De nouveaux services pour les publics
Améliorer l'accès aux sources de l'histoire : les archives d'un clic
Afin de développer l'accès à distance, ou accès virtuel, l'offre numérique repose sur deux priorités : la publication en ligne de l'ensemble des instruments de recherche (salle des inventaires virtuelle) et la numérisation de fonds d'archives. Les services offerts par les Archives nationales continueront de se diversifier afin de permettre un accès sur place ou à distance du public des chercheurs, amateurs ou universitaires, proches ou géographiquement éloignés. Par ailleurs, la très riche bibliothèque des Archives nationales sera prochainement accessible par des communications en salle de lecture sur le site de Paris.

Développer les recherches scientifiques
À travers un programme de classement et de rédaction d'instruments de recherche, de publications traditionnelles ou en ligne, de journées d'étude et de partenariats avec les universités et les centres de recherche, les Archives nationales ont défini plusieurs axes prioritaires pour mieux faire connaître, rendre exploitables et mettre en valeur les fonds qu'elles conservent.
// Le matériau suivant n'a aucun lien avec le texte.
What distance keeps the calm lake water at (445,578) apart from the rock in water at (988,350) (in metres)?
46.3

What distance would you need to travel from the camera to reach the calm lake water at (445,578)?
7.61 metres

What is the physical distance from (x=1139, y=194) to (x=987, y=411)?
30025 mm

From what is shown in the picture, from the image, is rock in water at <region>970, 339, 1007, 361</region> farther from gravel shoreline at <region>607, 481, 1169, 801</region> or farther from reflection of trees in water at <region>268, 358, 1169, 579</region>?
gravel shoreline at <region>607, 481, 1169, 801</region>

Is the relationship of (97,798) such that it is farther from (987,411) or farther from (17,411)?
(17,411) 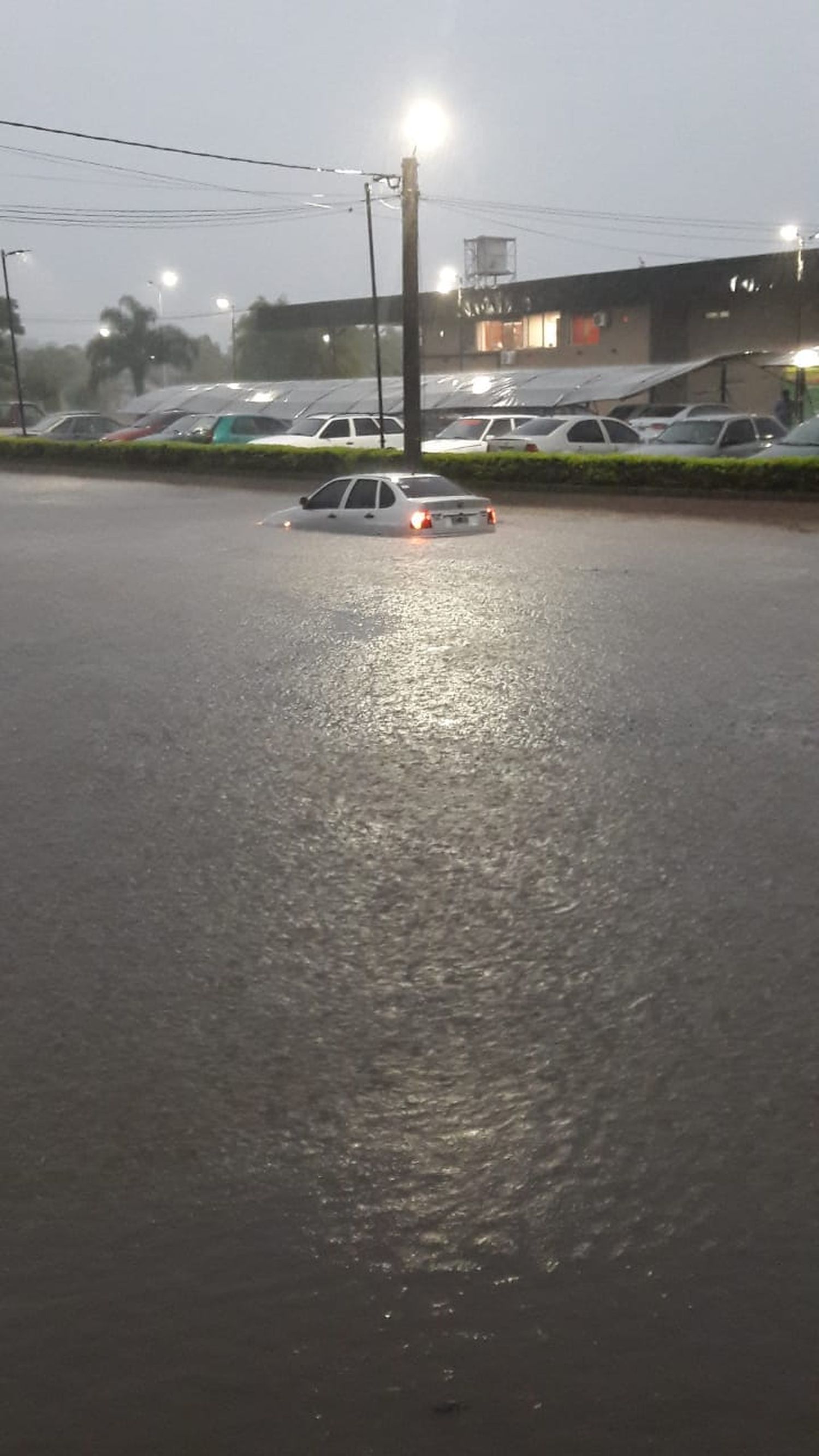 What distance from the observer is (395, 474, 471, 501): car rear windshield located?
82.4 feet

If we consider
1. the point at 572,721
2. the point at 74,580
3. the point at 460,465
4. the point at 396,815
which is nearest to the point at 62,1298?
the point at 396,815

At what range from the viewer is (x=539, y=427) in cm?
3816

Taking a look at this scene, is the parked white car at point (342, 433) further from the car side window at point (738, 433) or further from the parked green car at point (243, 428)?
the car side window at point (738, 433)

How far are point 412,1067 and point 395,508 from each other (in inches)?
788

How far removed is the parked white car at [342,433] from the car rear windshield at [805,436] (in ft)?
46.9

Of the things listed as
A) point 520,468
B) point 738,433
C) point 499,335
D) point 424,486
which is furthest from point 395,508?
point 499,335

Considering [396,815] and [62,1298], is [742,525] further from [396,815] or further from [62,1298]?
[62,1298]

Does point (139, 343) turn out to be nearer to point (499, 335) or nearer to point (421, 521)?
point (499, 335)

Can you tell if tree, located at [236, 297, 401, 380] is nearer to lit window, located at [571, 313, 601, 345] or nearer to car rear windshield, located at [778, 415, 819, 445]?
lit window, located at [571, 313, 601, 345]

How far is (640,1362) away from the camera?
12.0ft

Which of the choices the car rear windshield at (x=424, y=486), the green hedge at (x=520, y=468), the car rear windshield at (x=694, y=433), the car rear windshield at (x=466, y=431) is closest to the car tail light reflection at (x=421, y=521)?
the car rear windshield at (x=424, y=486)

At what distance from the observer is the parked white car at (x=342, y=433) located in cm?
4394

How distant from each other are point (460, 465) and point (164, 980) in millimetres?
28369

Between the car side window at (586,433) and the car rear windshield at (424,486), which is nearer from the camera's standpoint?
the car rear windshield at (424,486) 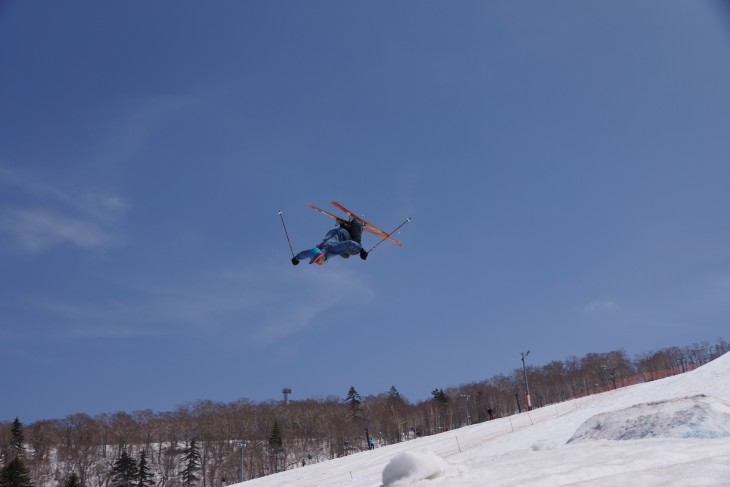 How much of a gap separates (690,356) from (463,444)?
160999mm

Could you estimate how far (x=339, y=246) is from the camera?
67.9 feet

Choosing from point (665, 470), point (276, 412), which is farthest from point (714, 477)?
point (276, 412)

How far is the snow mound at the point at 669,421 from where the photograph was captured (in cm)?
1091

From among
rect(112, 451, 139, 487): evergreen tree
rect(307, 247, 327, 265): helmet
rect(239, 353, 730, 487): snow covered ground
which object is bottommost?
rect(112, 451, 139, 487): evergreen tree

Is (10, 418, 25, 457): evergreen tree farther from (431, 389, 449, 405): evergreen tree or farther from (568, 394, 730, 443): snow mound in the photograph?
(568, 394, 730, 443): snow mound

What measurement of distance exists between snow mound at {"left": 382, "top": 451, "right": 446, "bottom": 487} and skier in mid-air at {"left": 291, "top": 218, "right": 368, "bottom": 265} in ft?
39.9

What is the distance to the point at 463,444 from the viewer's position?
2950cm

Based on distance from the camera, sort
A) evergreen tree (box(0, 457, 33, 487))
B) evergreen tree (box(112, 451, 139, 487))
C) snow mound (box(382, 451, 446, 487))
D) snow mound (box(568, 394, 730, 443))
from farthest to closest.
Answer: evergreen tree (box(112, 451, 139, 487)) < evergreen tree (box(0, 457, 33, 487)) < snow mound (box(568, 394, 730, 443)) < snow mound (box(382, 451, 446, 487))

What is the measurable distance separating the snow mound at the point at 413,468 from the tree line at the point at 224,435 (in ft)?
294

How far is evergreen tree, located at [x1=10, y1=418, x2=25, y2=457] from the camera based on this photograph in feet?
351

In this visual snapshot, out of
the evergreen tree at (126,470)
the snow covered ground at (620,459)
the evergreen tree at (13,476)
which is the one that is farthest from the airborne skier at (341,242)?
the evergreen tree at (126,470)

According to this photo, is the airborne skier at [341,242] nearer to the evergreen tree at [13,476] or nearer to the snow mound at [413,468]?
the snow mound at [413,468]

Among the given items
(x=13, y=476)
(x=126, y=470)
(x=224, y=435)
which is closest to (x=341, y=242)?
(x=13, y=476)

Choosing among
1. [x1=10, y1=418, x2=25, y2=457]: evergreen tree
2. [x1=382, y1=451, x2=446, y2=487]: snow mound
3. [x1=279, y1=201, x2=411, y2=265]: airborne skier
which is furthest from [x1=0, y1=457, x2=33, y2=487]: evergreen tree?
[x1=382, y1=451, x2=446, y2=487]: snow mound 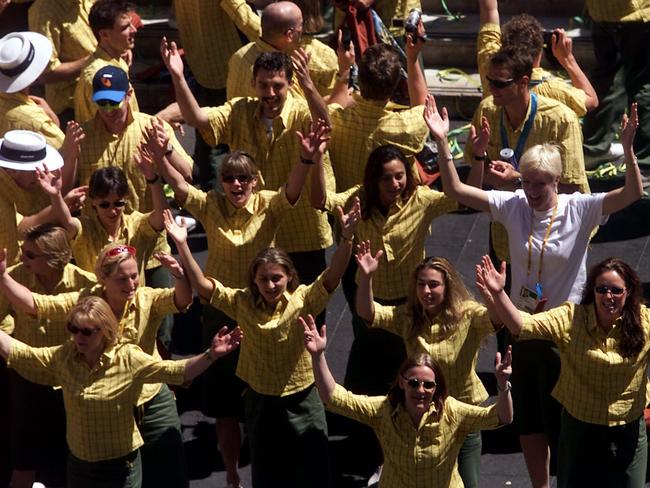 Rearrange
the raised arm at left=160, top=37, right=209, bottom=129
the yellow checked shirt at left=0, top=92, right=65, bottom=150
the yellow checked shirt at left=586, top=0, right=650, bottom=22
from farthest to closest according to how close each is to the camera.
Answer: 1. the yellow checked shirt at left=586, top=0, right=650, bottom=22
2. the yellow checked shirt at left=0, top=92, right=65, bottom=150
3. the raised arm at left=160, top=37, right=209, bottom=129

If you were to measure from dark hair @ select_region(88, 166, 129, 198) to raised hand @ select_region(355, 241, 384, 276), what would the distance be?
142 centimetres

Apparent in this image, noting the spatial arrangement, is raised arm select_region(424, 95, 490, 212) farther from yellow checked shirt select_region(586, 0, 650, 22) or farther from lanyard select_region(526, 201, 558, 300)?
yellow checked shirt select_region(586, 0, 650, 22)

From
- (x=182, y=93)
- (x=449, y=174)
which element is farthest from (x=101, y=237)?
(x=449, y=174)

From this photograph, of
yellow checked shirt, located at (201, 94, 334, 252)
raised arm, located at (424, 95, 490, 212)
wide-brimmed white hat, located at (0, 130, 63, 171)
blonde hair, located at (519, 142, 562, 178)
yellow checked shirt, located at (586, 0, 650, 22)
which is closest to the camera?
blonde hair, located at (519, 142, 562, 178)

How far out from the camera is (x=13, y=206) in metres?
9.54

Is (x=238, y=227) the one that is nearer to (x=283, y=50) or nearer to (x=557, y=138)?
(x=283, y=50)

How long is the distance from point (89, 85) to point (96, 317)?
7.34 feet

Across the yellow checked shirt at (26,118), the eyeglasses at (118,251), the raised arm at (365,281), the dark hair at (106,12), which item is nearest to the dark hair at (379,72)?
the raised arm at (365,281)

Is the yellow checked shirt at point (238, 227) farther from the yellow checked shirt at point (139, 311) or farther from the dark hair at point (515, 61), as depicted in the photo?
the dark hair at point (515, 61)

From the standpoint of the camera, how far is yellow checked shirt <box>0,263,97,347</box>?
902 centimetres

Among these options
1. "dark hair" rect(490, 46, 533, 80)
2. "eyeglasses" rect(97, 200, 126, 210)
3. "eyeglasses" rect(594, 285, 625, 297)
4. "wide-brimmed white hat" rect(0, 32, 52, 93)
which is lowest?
"eyeglasses" rect(97, 200, 126, 210)

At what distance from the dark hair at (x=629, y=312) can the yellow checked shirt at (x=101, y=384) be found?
7.04 ft

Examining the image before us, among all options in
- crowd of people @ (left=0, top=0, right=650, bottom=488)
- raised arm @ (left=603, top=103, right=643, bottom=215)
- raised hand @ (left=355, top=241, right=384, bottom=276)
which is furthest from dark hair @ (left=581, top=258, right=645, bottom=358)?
raised hand @ (left=355, top=241, right=384, bottom=276)

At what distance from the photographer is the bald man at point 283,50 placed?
10094 mm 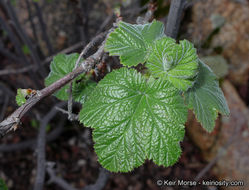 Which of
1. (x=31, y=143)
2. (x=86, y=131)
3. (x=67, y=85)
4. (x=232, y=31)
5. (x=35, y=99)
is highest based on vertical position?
(x=35, y=99)

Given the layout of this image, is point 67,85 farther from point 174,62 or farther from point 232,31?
point 232,31

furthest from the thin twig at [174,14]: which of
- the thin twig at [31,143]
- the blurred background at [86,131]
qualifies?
the thin twig at [31,143]

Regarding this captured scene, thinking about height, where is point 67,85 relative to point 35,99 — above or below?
below

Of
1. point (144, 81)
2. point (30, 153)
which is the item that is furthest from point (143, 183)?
point (144, 81)

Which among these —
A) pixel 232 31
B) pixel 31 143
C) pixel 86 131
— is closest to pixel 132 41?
pixel 86 131

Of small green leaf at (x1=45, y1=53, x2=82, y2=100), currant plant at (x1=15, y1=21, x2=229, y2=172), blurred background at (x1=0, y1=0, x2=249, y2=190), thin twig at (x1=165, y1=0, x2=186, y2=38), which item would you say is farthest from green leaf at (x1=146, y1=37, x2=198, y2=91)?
blurred background at (x1=0, y1=0, x2=249, y2=190)

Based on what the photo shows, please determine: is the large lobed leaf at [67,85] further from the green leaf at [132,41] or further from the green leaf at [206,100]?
the green leaf at [206,100] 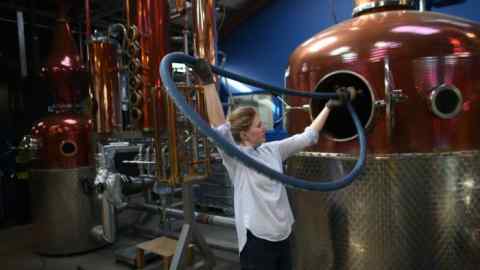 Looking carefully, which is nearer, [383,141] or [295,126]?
[383,141]

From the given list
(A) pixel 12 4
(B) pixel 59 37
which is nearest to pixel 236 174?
(B) pixel 59 37

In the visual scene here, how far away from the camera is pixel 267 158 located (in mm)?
1682

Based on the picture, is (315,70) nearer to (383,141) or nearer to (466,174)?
(383,141)

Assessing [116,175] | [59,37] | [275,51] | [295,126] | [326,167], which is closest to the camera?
[326,167]

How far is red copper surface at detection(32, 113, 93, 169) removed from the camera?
3.96 meters

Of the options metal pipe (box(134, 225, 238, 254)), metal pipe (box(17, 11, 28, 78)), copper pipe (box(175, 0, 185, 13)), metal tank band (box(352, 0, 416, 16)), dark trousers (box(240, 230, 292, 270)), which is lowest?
metal pipe (box(134, 225, 238, 254))

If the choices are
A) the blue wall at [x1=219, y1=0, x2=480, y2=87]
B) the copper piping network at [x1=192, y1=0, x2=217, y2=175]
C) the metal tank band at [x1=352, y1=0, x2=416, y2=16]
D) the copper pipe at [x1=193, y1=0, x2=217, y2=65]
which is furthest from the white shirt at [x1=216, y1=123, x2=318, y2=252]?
the blue wall at [x1=219, y1=0, x2=480, y2=87]

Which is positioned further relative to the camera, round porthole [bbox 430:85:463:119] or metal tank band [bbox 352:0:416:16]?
metal tank band [bbox 352:0:416:16]

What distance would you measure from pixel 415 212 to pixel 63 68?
12.8ft

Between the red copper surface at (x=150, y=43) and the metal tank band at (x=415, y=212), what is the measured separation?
70.3 inches

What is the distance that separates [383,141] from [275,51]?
527cm

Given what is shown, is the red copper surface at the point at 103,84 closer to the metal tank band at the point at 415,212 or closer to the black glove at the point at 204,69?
the black glove at the point at 204,69

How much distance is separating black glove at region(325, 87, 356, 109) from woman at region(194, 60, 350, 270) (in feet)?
0.54

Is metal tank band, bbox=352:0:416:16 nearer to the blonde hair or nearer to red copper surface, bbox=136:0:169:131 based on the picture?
the blonde hair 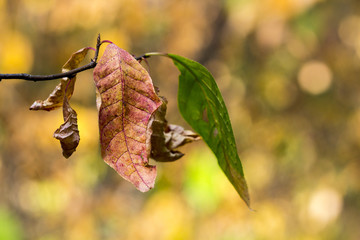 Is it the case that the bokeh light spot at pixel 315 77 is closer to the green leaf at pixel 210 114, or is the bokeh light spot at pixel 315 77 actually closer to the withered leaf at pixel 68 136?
the green leaf at pixel 210 114

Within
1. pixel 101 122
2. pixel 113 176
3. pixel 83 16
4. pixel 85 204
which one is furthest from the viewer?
pixel 113 176

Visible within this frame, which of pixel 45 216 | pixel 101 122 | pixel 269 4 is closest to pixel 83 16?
pixel 269 4

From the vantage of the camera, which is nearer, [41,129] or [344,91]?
[41,129]

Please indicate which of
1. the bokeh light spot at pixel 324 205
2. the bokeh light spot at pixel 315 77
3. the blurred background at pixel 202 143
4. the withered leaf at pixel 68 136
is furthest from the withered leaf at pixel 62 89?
the bokeh light spot at pixel 315 77

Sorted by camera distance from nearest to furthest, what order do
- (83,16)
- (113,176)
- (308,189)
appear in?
1. (83,16)
2. (113,176)
3. (308,189)

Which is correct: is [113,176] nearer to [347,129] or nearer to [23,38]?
[23,38]

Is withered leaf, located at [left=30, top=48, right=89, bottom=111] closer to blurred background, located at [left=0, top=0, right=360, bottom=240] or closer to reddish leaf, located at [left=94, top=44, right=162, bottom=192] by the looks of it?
reddish leaf, located at [left=94, top=44, right=162, bottom=192]

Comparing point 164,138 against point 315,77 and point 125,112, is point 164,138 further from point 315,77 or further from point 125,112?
point 315,77

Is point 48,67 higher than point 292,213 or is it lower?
higher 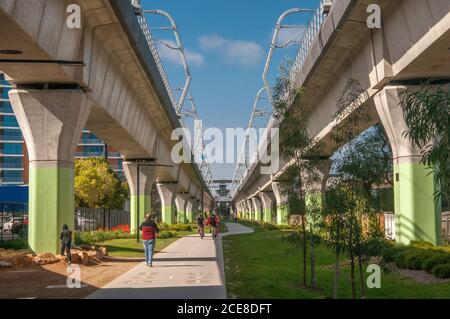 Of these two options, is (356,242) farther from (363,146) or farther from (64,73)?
(64,73)

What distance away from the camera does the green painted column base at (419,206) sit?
21.9 meters

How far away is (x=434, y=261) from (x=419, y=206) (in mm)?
4618

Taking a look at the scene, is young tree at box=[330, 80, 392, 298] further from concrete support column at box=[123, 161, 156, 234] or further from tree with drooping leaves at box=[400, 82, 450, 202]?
concrete support column at box=[123, 161, 156, 234]

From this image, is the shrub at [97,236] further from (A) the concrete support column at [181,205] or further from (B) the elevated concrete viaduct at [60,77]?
(A) the concrete support column at [181,205]

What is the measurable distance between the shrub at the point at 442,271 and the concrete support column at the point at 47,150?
12.7 meters

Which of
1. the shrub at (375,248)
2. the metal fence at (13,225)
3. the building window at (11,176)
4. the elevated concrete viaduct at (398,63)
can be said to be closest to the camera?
the shrub at (375,248)

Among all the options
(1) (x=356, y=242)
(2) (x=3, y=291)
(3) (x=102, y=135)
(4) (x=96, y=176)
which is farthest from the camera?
(4) (x=96, y=176)

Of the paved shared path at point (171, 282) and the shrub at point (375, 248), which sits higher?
the shrub at point (375, 248)

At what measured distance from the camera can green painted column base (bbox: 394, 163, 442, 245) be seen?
21.9 m

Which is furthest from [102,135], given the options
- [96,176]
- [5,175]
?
[5,175]

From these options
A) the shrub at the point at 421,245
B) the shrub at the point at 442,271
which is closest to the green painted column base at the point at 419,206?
the shrub at the point at 421,245

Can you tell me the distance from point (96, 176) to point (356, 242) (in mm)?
64663

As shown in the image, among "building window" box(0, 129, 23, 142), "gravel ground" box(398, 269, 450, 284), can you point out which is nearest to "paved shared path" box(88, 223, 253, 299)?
"gravel ground" box(398, 269, 450, 284)

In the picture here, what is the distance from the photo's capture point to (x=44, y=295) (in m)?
14.1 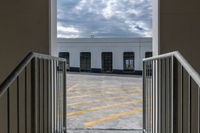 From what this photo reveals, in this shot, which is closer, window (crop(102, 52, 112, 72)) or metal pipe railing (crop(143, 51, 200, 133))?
metal pipe railing (crop(143, 51, 200, 133))

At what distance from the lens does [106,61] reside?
71.8 feet

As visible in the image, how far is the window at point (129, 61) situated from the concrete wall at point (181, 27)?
16.6m

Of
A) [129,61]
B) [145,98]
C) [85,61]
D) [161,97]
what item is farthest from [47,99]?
[85,61]

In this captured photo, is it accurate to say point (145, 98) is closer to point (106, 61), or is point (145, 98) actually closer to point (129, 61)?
point (129, 61)

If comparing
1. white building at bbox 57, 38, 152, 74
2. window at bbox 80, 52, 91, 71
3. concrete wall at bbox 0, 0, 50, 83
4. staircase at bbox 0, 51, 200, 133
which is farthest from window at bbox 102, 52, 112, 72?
concrete wall at bbox 0, 0, 50, 83

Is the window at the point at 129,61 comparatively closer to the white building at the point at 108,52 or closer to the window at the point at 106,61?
the white building at the point at 108,52

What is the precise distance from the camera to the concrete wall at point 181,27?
4.20 meters

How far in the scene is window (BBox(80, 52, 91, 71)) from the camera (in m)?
21.7

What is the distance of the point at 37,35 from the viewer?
438 centimetres

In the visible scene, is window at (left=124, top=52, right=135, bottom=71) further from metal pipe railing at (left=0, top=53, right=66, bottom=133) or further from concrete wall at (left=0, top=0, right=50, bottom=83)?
concrete wall at (left=0, top=0, right=50, bottom=83)

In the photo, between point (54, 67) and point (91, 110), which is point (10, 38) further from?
point (91, 110)

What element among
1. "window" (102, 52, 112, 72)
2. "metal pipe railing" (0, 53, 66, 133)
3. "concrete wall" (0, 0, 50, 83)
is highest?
"concrete wall" (0, 0, 50, 83)

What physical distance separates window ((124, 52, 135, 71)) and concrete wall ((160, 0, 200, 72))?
54.3ft

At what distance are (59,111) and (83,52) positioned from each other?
57.0 ft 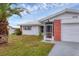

Quelques exemples des programmes de travail :

  • L'individu dans la société
  • L'histoire de l'acquisition de la nationalité française
  • Histoire de l'État et de l'administration
  • Les grands corps de l'État : chancellerie royale, le Conseil du roi, le parlement de Paris
  • Le personnel administratif (prosopographie, papiers privés, image politique) : grands officiers royaux, hommes politiques, cabinets ministériels)
  • La politique de l'État en matière économique, sociale, éducative et culturelle
  • L'analyse d'une institution culturelle publique : les Archives nationales
  • La France en guerre Les commémorations nationales du centenaire de la Première Guerre mondiale
  • La Seconde Guerre mondiale : résistance, déportation, persécution
  • La France après-guerre : la reconstruction
  • Du territoire à la ville, de la ville au bâti Paris depuis le Moyen Âge
  • L'aménagement du territoire, les transports Préserver notre environnement, le climat change: les archives de Météo France
  • Les fonds d'architectes
  • Les sciences auxiliaires de l'histoire
  • Les actes rédigés par les notaires : aux sources de la loi L'étude des sceaux, des manuscrits, des noms de personnes, de lieux


Diversifier l'offre culturelle et éducative
Les Archives nationales proposent une médiation renouvelée et diversifiée autour des archives, de leur matérialité, de leur contenu et de leur contenant  par :
- un parcours permanent dans l'hôtel de Soubise, une programmation d'expositions aux formats variés sur le site de Paris qui seront complétées par une offre spécifique sur les sites de Fontainebleau et de Pierrefitte, des circuits de visite mettant en valeur, à Paris, les hôtels du XVIIIe siècle, les grands dépôts historiques, des journées portes-ouvertes de découverte sur les trois sites ;
- la participation aux commémorations de la Première Guerre mondiale,
- une offre pédagogique, qui accueille aujourd'hui près de 13 000 scolaires chaque année, présente à Paris et Pierrefitte, destinée aux publics scolaires et universitaires qui s'enrichira et pourra s'ouvrir à un public élargi.
Pour une nouvelle stratégie de l'archivage
Accueillir et conserver de nouveaux fonds d'archives

Avec l'ouverture du site de Pierrefitte-sur-Seine les Archives nationales disposent désormais d'un outil pour accueillir les archives dans des conditions optimales de conservation. Fortes de leur expertise en ces domaines, elles amplifieront leurs actions en matière de conservation préventive et de restauration du patrimoine le plus fragile. À Pierrefitte-sur-Seine, la conservation de l'ensemble des fonds postérieurs à la Révolution offre une approche cohérente par grands domaines d'activité de l'État ; les espaces mis à disposition permettent le développement de la collecte des archives contemporaines des administrations centrales et des grands établissements publics nationaux et, surtout, la reprise de la collecte d'archives privées d'intérêt national (archives d'hommes politiques, d'associations, etc.).
Deux priorités ont été définies pour le site de Paris : mieux conserver les archives médiévales et de l'Ancien Régime et reprendre la collecte des archives notariales parisiennes.
Des défis stratégiques à relever pour le site de Fontainebleau : offrir des réponses aux administrations qui se trouvent confrontées à la production de fonds d'archives très volumineux, tels les dossiers nominatifs (carrière, naturalisation, contentieux), à la production d'archives électroniques ou encore d'archives audiovisuelles ; offrir, pour la communauté professionnelle et scientifique, une nouvelle possibilité pour la préservation des fonds privés d'architectes, qui connaissent des problématiques semblables.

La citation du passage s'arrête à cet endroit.